Queen Bette is drawn from Davis’ own interviews and her memoir, A Lonely Life. While we’re teased with some of her famous lines, this is no fandom or tabloid homage to Hollywood campery.
At pace we skip through her sad and poor childhood with her sister, reared in New England and then New York by their mother. Driving the story is Davis’ first training, her distinctive dancer’s physicality, her defiance to pursue character over ego and beauty, and later her profound grasp of film acting and its possibilities in the early days of the talkies.
Indeed, the obsessive, uncompromising nature of her artistry and her struggles and personal sacrifices as a woman are the two threads of this thoughtful Queen Bette. Ever present is Davis’ sentimentalised memory of her indefatigable mother and her landmark role (twice) playing Elizabeth I, with which Cronin begins and ends her show.

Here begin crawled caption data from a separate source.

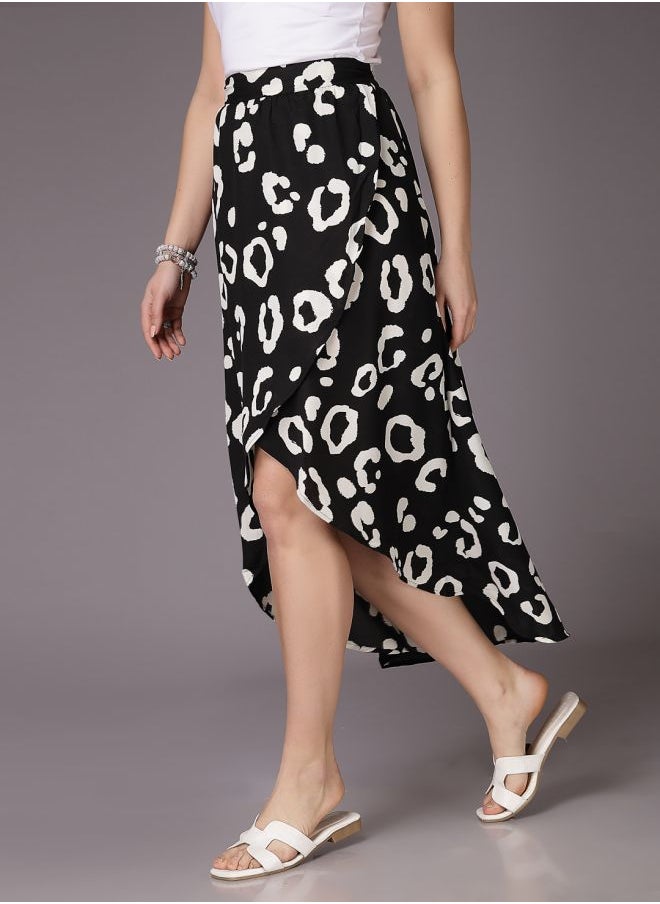 Freehand Women Flared Casual Animal Print Asymmetric Skirt  - Image 5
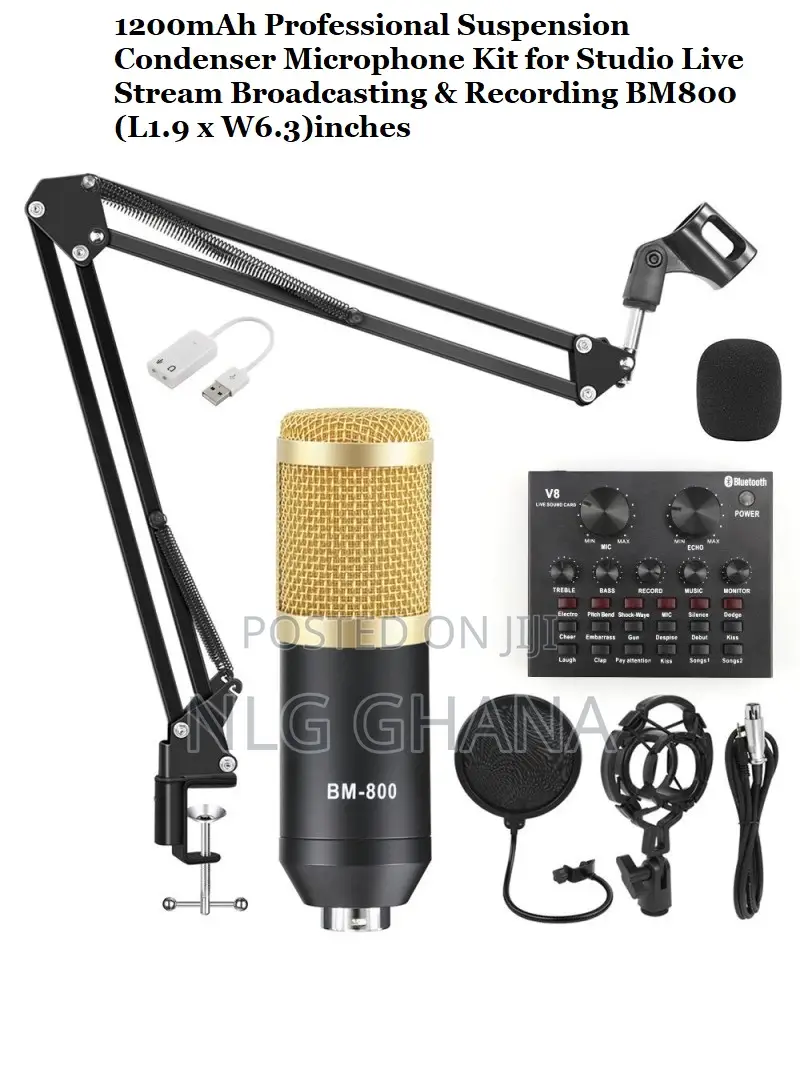 1200mah Professional Suspension Condenser Microphone Kit For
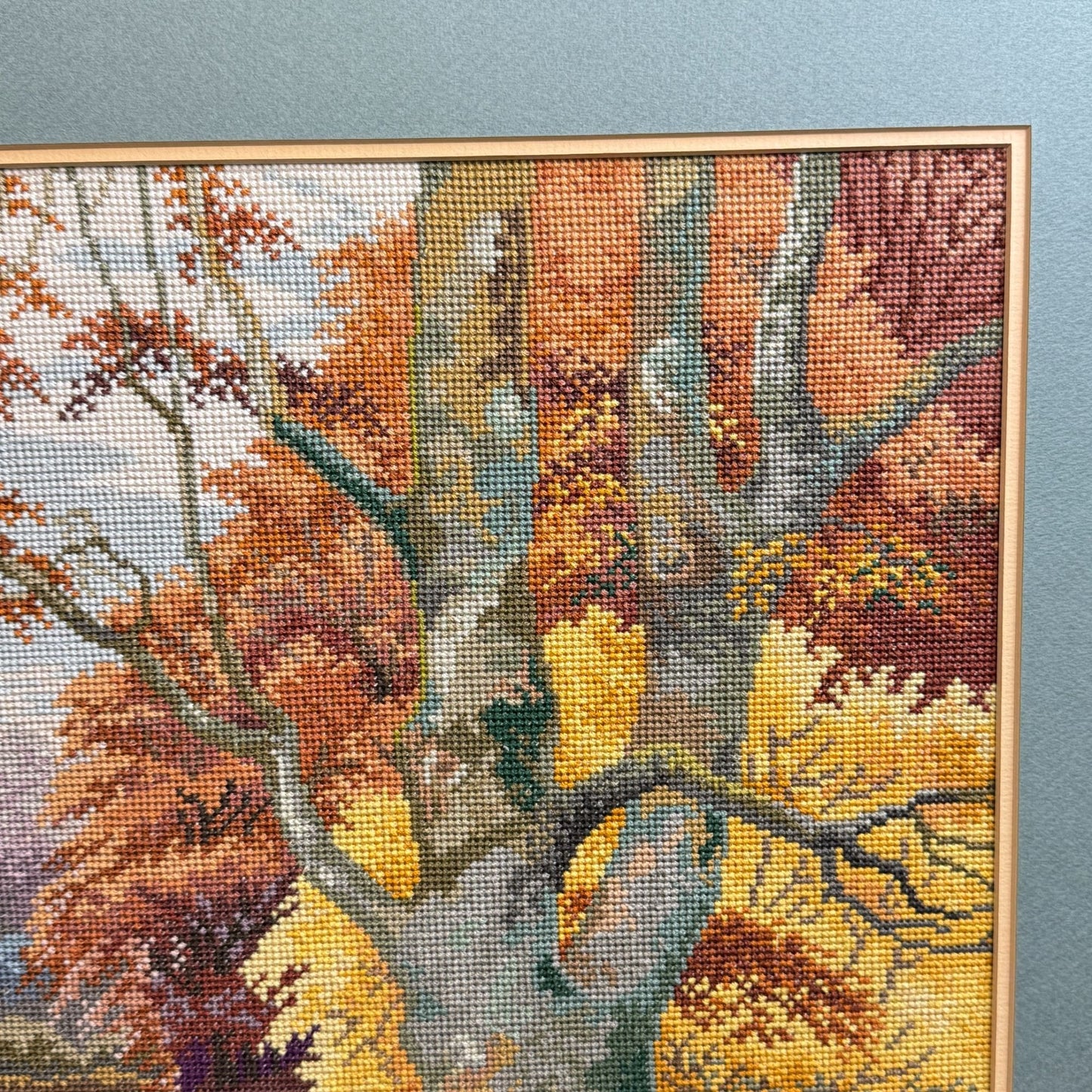 1997 Vintage Embroidered Picture Forest Lake Art With Wooden Frame 30" L x 25" H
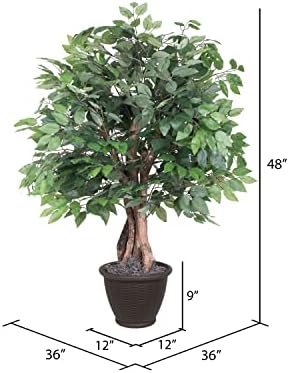 Vickerman 4 Foot Artificial Ficus Bush with Container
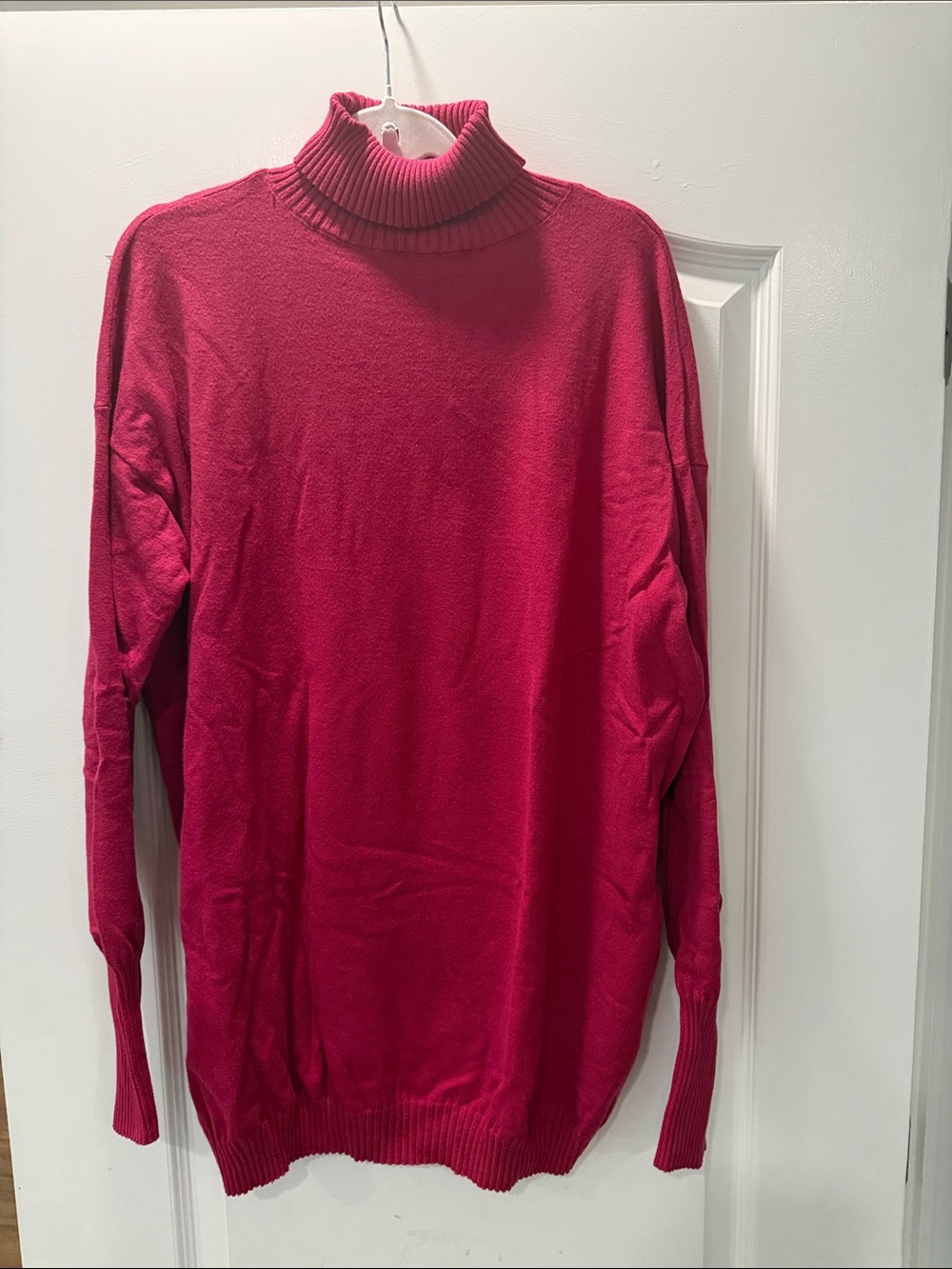 Kittenish Men's Turtleneck Sweater in Fuchsia Pink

While her 1937 battle for independence from Warner Brothers is explored, Queen Bette ends when Davis is little past 30.
Cronin evokes quick memories and snaps of film, moving smoothly through an open space staging nicely punctuated with furniture, costume parts and memorabilia. Jaz McGuire’s nimble, atmospheric spotlighting gives her great support. Only rarely does Cronin fail to hit and and fully exploit every captured memory through the show’s welcome quicksilver pace.
With eyes as wide as her Massachusetts accent, Cronin triumphantly embodies Davis’ cheeky wit and artificiality mixed so uniquely, and so nervously, with her raw emotion and truth.